◆ EXERCISE AIM ◆
What is needed is the run of lines from the one with "Pink sunglasses with" through the close of the data, set down exactly.

(Collected data entries)
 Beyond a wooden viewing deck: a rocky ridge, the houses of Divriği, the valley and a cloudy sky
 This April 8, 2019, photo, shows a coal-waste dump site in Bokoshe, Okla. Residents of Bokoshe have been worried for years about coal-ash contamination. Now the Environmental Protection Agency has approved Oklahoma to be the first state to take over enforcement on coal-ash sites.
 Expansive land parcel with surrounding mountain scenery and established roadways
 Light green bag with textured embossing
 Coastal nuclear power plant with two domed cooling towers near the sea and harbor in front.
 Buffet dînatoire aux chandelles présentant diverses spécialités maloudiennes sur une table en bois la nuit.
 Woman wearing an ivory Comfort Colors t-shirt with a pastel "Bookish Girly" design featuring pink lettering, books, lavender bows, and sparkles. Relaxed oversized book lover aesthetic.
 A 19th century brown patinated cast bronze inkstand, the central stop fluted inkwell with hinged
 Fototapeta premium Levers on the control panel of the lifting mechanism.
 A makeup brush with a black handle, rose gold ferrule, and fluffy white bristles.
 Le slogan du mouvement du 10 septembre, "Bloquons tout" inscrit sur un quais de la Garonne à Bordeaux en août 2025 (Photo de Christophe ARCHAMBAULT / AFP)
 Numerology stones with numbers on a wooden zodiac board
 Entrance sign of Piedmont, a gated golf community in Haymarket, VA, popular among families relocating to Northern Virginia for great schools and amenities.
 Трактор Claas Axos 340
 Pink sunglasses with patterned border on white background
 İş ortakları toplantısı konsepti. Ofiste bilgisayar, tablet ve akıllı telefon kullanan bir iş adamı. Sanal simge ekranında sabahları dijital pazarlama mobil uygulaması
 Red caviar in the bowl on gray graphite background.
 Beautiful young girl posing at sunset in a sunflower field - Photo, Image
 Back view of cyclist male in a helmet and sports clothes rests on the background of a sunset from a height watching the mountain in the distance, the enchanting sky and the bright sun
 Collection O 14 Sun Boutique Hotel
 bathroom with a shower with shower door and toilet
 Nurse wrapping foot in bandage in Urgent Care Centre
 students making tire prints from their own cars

◆ SOLUTION ◆
 Pink sunglasses with patterned border on white background
 İş ortakları toplantısı konsepti. Ofiste bilgisayar, tablet ve akıllı telefon kullanan bir iş adamı. Sanal simge ekranında sabahları dijital pazarlama mobil uygulaması
 Red caviar in the bowl on gray graphite background.
 Beautiful young girl posing at sunset in a sunflower field - Photo, Image
 Back view of cyclist male in a helmet and sports clothes rests on the background of a sunset from a height watching the mountain in the distance, the enchanting sky and the bright sun
 Collection O 14 Sun Boutique Hotel
 bathroom with a shower with shower door and toilet
 Nurse wrapping foot in bandage in Urgent Care Centre
 students making tire prints from their own cars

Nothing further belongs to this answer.